The student pilot stated that he departed from 9G3 and flew to GVQ where he performed two uneventful touch-and-go landings on runway 28. During a third touch-and-go landing he landed uneventfully, retracted the flaps, and added engine power. He was utilizing some right rudder input as the airplane reached rotation speed (approximately 70 mph), and "pulled hard to the left," which he could not correct with full application of right rudder. As the airplane approached the left side of the runway, he noted runway signage, but because the airplane was at takeoff speed, he thought climbing above the signs would result in a safer outcome and continued the takeoff. The airplane departed the left side of the runway and while attempting to clear the signage off the left side of the runway, both wings collided with separate signs, which breached both fuel tanks. The pilot continued the takeoff and while turning left to land on a nearby road, he noted fuel streaming from the left fuel tank and the engine lost power. He flew under one set of powerlines and then over a second set before landing uneventfully on the road.

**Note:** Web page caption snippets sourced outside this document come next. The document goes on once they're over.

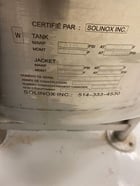 140 gallon Solinox, Stainless Steel pharma grade agitated process vessel, 85 psi, 2016 - Image 2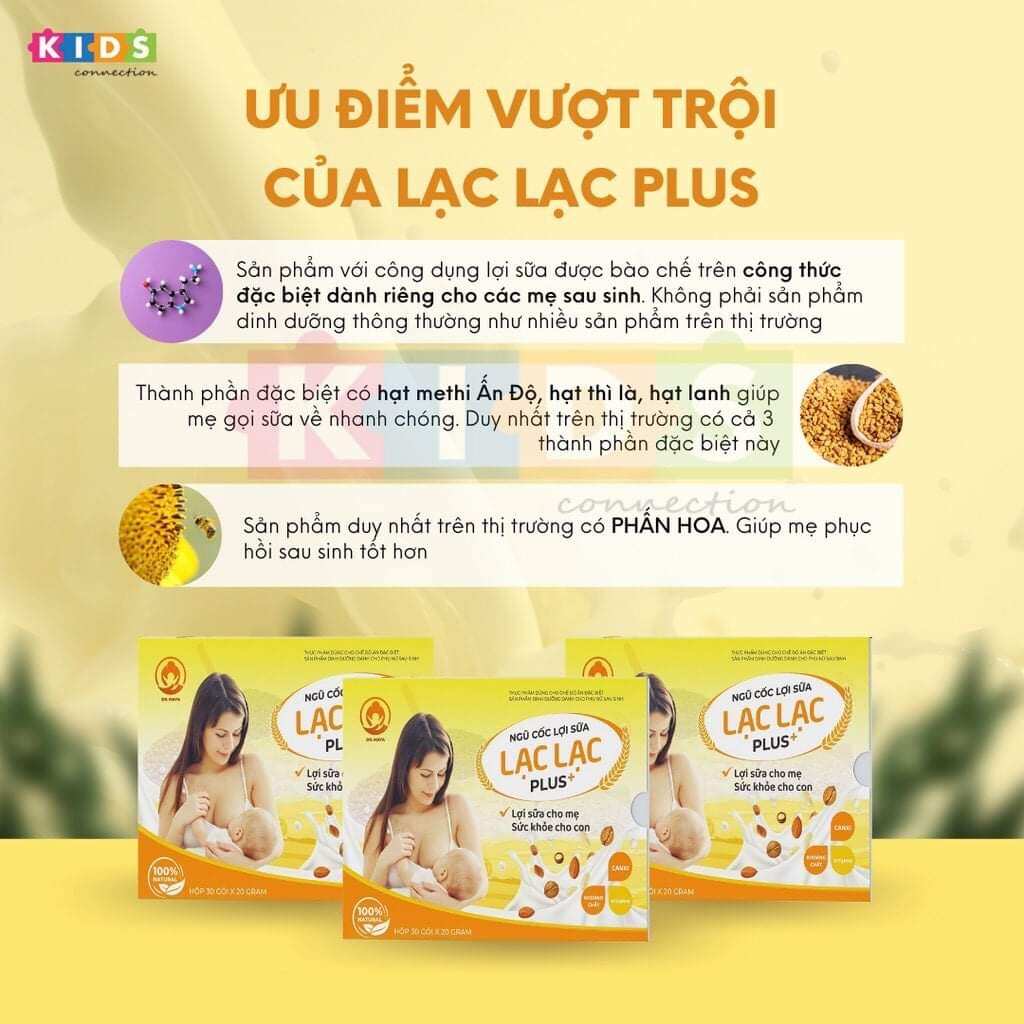 Ngũ cốc lợi sữa Lạc Lạc Plus (5 gói lẻ)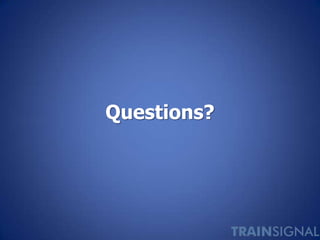 Questions?
 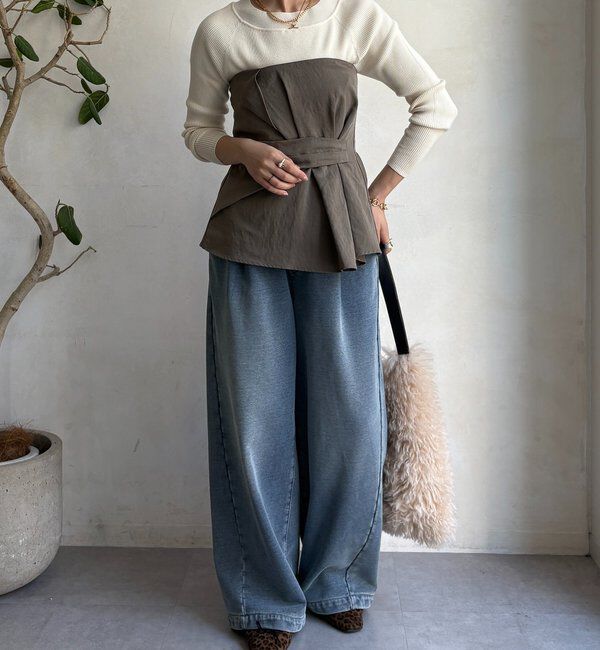  「ボートネックリブニット」|ニット・セーター|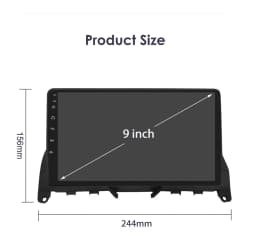 9“ Hizpo 2Din Android Auto Wireless CarPlay Car Radio for Mercedes Benz C-Class W204 S204 2007 - 2010 GPS RDS DSP UI8581 System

Examination of the airport and airplane by a Federal Aviation Administration inspector revealed browning of grass beyond both impacted airport signs, and for a short distance past the point where the airplane became airborne. Both fuel tanks were breached; neither contained any fuel. Flight control continuity was confirmed for all flight controls. Examination of the impacted airport signs revealed their posts were frangible.

The pilot reported the wind to be from north at 8 mph with no gusts, while a weather observation taken about 26 minutes before the accident at an airport located about 22 nautical miles east-northeast from GVQ reported the wind was from 280° at 9 knots.





NTSB Identification: ERA16LA192
14 CFR Part 91: General Aviation
Accident occurred Thursday, May 19, 2016 in Batavia, NY
Aircraft: PIPER PA 28-180, registration: N7781W
Injuries: 1 Uninjured.

This is preliminary information, subject to change, and may contain errors. Any errors in this report will be corrected when the final report has been completed. NTSB investigators may not have traveled in support of this investigation and used data provided by various sources to prepare this aircraft accident report.

On May 19, 2016, about 1320 eastern daylight time, a Piper PA-28-180, N7781W, experienced a loss of control during a touch-and go landing and subsequently collided with airport signage at Genesee County Airport (GVQ), Batavia, New York. The student pilot, the sole occupant was not injured, and the airplane was substantially damaged. The airplane was registered to and operated a private individual, under the provisions of 14 Code of Federal Regulations (CFR) as a Part 91 instructional flight. Visual meteorological conditions prevailed at the time and no flight plan was filed for the flight which originated about 1300 from Akron Airport (9G3), Akron, New York.

The student pilot stated that he departed from 9G3 and flew to GVQ where he performed 2 uneventful touch-and-go landings on runway 28. After the second touch-and-go landing he remained in the traffic pattern for a third to the same runway and turned downwind, base, and final. With the flaps fully extended he landed uneventfully, retracted the flaps, and added power to take off again. With some right rudder input he reported the airplane veered to the left, which he could not correct with full right rudder input. He continued the takeoff and departed the runway. With airport signage ahead he attempted to climb but one wing collided with the sign. He continued and the other wing collided with another sign. He then became airborne, and while turning left to land on a nearby road, he noted fuel streaming from the left fuel tank. The engine subsequently lost power, and he flew under one set of powerlines and then over a second set of powerlines before landing uneventfully on the road.

Postaccident examination of the airport and airplane by a Federal Aviation Administration inspector revealed browning of grass beyond both impacted airport signs, and also for a short distance past the point where the airplane became airborne. Both fuel tanks were breached; neither contained any fuel.